I didn’t set out to try to reinvent the wheel (a saying my old sponsor’s father used to repeat to her with abundance), but I did set out to be honest about my recovery journey. This situation was truly not the thing that made me drink again, but it was a factor in feeling unsafe in recovery spaces because when I voiced a similar concern in a group setting, I had done it the wrong way.
I do agree that if I could do things again, I would keep my concerns personal and one-on-one, instead of voicing them to the rest of the group, but I’m tired of holding onto the pain and the embarrassment that came with this experience.
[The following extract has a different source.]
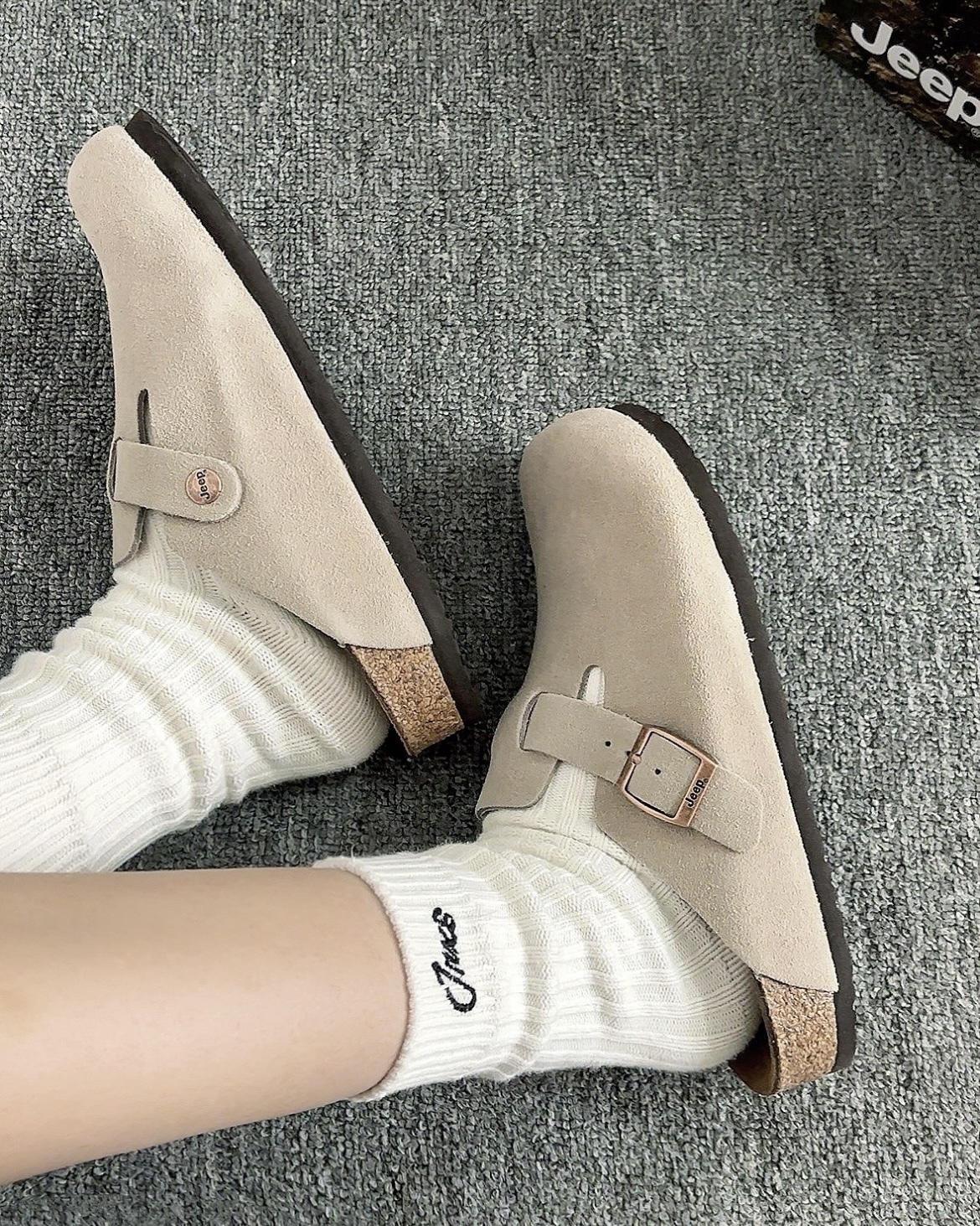 【現貨】<平替款報到!!> JEEP 吉普 勃肯 拖鞋 懶人鞋 麂皮 金扣 米灰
I felt like I had been kicked-out of the sober club because I had made a mistake when I was in early recovery. I felt like I couldn’t talk about what had happened without hurting feelings and I still feel like that as I write these words. I don’t know whether it is right or wrong to feel that way, I just know it’s how I feel.
I am being vague on purpose. It is not my place to share specifics here, but I do own the experience and my feelings attached to what happened.
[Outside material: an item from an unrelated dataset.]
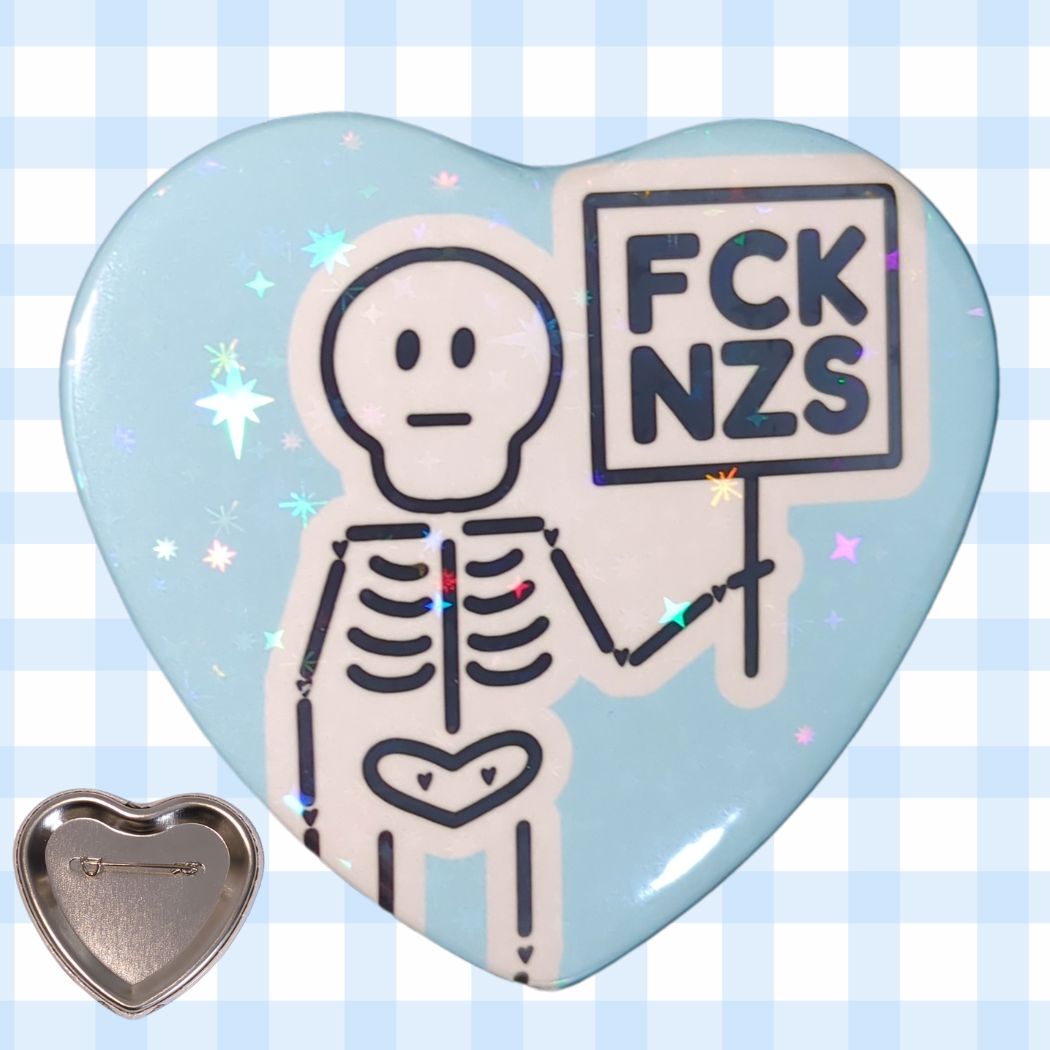 FCK NZS Skelett |Holo Herz-Button kindafcreations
I do owe myself coming as clean as I can in this space, a space I had caved out with the soul purpose of building a community accepting of any and all ways of recovery. I feel hypocritical, apologetic, and like I learned a lot from an experience that could have really hurt me if I was a different person/a different type of drinker.
Basically, I am writing these words for me and as a way to say I am here again. I am occupying this sober space once more, with more knowledge, more experience, and more kindness. I do hope you stop by and appreciate those of you who have stayed on since September, re-reading old posts, and reminding me I can always come home.
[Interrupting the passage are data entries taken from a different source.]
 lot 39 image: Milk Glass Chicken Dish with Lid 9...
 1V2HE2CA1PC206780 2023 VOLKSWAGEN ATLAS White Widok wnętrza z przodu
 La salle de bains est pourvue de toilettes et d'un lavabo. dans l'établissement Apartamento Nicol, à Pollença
I don’t want these words to make you feel angry at either them or me, these words are not about sides, they’re about the right I have to share my story, the acceptance that I made a mistake that hurt someone I respected and still feels costly to me in terms of how much I lost (a friend, an entire program, my way). I don’t want this post to read as a woe as me diatribe or anything close. I do want to continue to show up one day at a time with the knowledge (learnt from what happened) that one day is what counts.
Caroline Knapp, the author of Drinking: A Love Story writes: “Hope came not from circumstances or the acquisition of things but from the simple accumulation of active experience, from gritting the teeth and checking the items off the list, one by one, even though it’s painful and you’re afraid.”
I am afraid to write and publish these words. If I judged, I know others will judge me. I know this post is honest and I know I also could just save it in my drafts folder. What I know most is that none of that would save me. This in its self won’t either, but in the end, my accumulated lived out loud experiences, are better than any half-truths I keep hidden away.